Continuing his return to horror, director M. Night Shyamalan tells the story of three girls kidnapped by a man with an extreme case of dissociative identity disorder; Lee reviews (spoiler-free).
If experimentation pleased everyone, then it wouldn’t be an experiment, it’d be a long-awaited solution. Director M. Night Shyamalan is relatively well-known for his propensity for messing with established formulas, mashing genres together in the pursuit of ever-changing, ever-interesting entertainment and to his belt he can add another success with Split.
Part horror film with horror conventions, supernatural melodrama with the bloat and pomp that comes from related genres, part allegorical survivor’s story with a forensic metaphorical insight into one of the world’s most persistent and relevant wrongs and part deadpan comedy; to say the target demographic for Split is narrow is to make a grand overstatement. There is no desired viewer bar Shyamalan himself and those who love to see films get weird; everyone else waits on the outer fringes of the Venn diagram.
But for grey areas in taste and intention to thrive there needs to be an underlay of technical efficiency, both on a writing and visual level and, mercifully, the machine beneath the art functions marvellously. Breezy dialogue that falls just on the light end of campy, trope characters who don’t overstep their bounds into distracting, settings that complement the requirements of each scene and exposition neatly tidied into a single character are all met with exceptional editing, solid directorial flair and tension right from the Hitchcockian textbook itself. It makes for solid groundwork that should keep even the uninterested engaged by sensory phenomena alone, but more importantly rigidity supports the manoeuvring of the specifics above.

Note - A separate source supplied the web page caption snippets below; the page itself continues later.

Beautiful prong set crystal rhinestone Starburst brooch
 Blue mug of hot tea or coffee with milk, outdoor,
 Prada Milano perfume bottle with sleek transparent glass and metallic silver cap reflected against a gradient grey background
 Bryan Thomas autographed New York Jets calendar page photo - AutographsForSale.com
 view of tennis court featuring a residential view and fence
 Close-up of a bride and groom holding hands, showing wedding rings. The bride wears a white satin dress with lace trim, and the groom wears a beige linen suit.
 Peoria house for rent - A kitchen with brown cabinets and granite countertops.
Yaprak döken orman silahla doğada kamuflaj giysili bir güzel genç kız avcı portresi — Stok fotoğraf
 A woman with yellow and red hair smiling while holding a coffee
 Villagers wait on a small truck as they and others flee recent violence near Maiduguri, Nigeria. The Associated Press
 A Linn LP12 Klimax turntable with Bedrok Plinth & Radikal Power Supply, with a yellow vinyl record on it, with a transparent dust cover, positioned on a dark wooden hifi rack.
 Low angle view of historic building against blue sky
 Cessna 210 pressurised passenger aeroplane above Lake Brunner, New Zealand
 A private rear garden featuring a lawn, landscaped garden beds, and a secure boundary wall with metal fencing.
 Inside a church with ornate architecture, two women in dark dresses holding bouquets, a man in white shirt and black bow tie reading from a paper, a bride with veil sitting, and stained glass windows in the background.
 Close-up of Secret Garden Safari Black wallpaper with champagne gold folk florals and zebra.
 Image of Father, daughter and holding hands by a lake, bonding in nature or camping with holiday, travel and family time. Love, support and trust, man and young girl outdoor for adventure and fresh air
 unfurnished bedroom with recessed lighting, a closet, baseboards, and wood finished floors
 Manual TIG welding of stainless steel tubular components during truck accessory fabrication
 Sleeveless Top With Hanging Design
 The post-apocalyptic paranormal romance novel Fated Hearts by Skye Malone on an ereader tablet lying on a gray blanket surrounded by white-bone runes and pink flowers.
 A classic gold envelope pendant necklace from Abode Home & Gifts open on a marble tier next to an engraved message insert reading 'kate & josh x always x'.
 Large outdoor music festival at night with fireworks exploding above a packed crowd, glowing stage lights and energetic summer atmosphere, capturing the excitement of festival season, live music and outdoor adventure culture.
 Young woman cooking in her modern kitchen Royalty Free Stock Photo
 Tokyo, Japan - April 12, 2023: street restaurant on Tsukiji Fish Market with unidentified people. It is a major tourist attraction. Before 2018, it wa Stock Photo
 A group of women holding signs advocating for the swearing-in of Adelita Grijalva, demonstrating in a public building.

Each scene reads like a self-defined concept challenge, with multiple games invented to try and up the fun: can I have my multi-personality character at a shrink? Can the shrink challenge the idea of which personality she’s speaking to? Can these personalities be manipulated against one another? Can we inform the audience of our main survivor’s past while also juggling the possibility that, at some point, she might be raped and/or killed? Can we do that while one of the personalities, that of a young boy, makes an off-hand joke about a kiss making her pregnant? That’s all surface level, but the sheer audacity on show as the film flexes its scope is fascinating, and the openness of the screenwriting leaves it ripe for interpretation, particularly in regards to Casey and the trauma of her past.
Difficulties arise in the handling of its deeper subject matter, especially when dealing with abuse in its many forms, as well as the real-life mental condition that is essentially being warped for entertainment purposes here. While it does tackle some of the underlying issues of the characters, and generally without belabouring its points with on-the-nose explanation, it also feels content to leave a black-and-white story stay fairly black-and-white at times to fit with the expectations of the horror form, and while this is the not the story from which to draw real ire, it certainly will lead to disappointment on the deeper levels as it teases real-world functionality in a fictional, upside-down grim funscape.
But it hardly derides the point that this is experimentation with established forms at its finest. An ending that is exclusionary and self-indulgent will sticks true to Shyamalan’s classic form, and the sheer passion and fun behind this dark, tense story will make for a splendid rewatch for those taken by its craft. Experiments have rarely felt so rewarding.